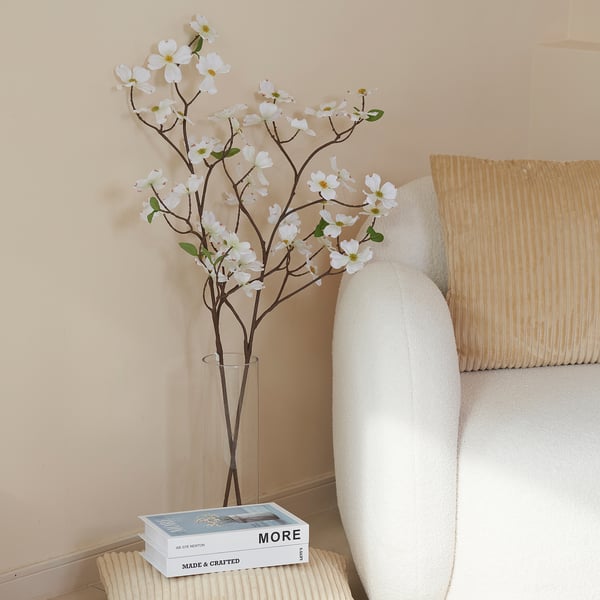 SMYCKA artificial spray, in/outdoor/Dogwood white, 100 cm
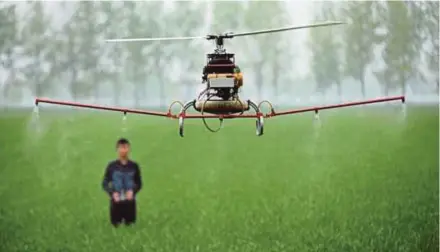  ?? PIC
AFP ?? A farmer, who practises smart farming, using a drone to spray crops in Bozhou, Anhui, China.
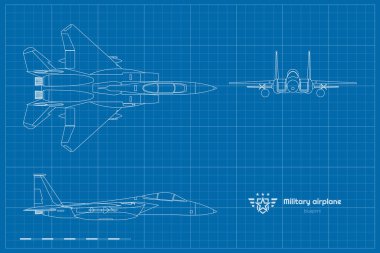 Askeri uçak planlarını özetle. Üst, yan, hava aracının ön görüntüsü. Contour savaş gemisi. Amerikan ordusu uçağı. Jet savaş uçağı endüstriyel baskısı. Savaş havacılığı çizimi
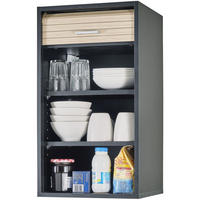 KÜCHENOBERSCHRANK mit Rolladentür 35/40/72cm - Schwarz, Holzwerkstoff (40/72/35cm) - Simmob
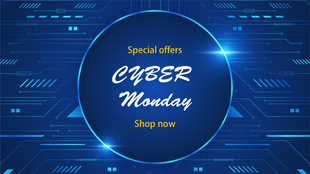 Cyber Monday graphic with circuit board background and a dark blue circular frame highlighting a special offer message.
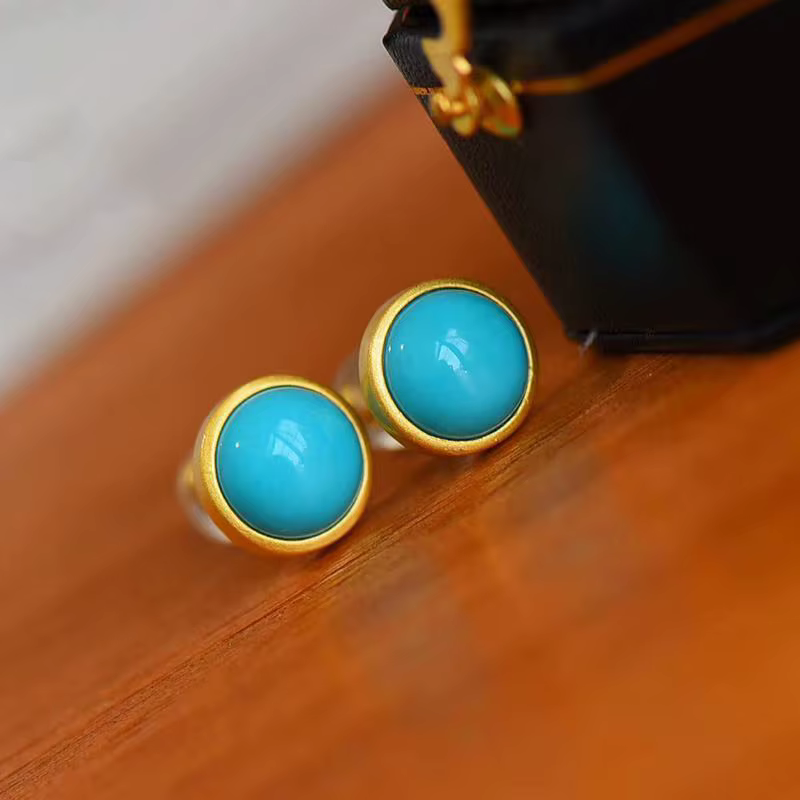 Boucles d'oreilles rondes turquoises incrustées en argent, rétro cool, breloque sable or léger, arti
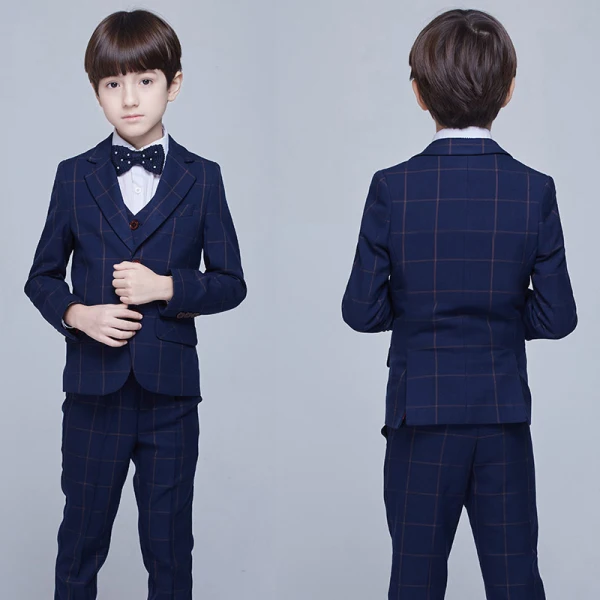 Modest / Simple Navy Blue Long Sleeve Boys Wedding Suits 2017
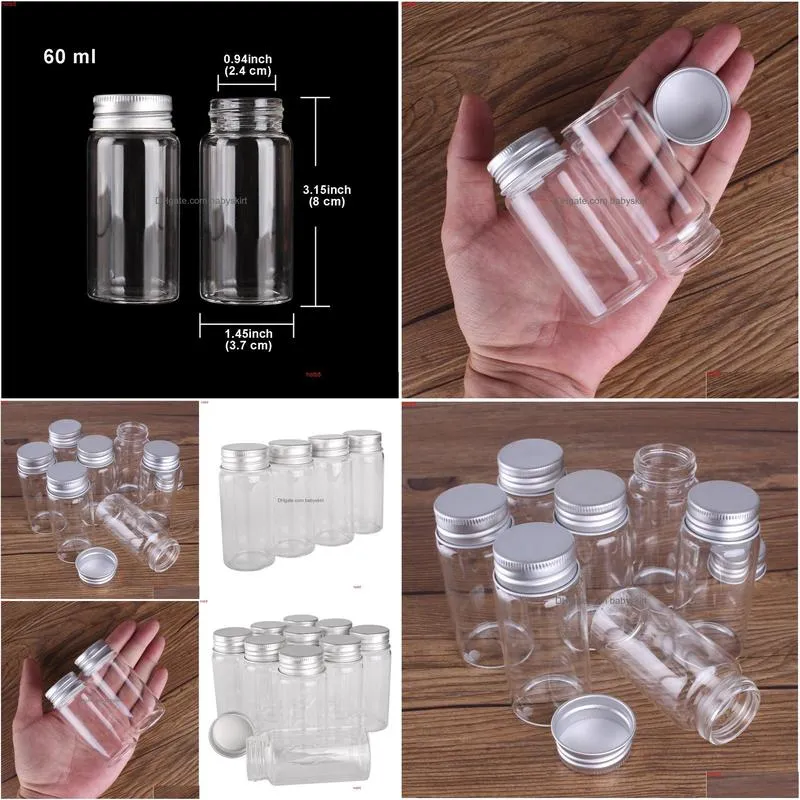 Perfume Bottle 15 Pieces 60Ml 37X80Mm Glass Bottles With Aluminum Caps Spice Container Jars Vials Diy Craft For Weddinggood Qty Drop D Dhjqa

□ □ □ □ □

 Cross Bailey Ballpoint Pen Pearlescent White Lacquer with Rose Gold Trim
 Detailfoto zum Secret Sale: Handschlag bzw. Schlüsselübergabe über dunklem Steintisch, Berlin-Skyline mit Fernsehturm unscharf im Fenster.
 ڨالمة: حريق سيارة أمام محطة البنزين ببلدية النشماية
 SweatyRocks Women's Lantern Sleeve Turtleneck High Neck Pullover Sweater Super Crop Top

□ □ □ □ □

> [Task description] Write out, from the lines above, only those from the line with "Detailfoto zum Secret" to the line with "SweatyRocks Women's Lantern", exactly as given, including the first and the last.

> [Solution to this problem]
 Detailfoto zum Secret Sale: Handschlag bzw. Schlüsselübergabe über dunklem Steintisch, Berlin-Skyline mit Fernsehturm unscharf im Fenster.
 ڨالمة: حريق سيارة أمام محطة البنزين ببلدية النشماية
 SweatyRocks Women's Lantern Sleeve Turtleneck High Neck Pullover Sweater Super Crop Top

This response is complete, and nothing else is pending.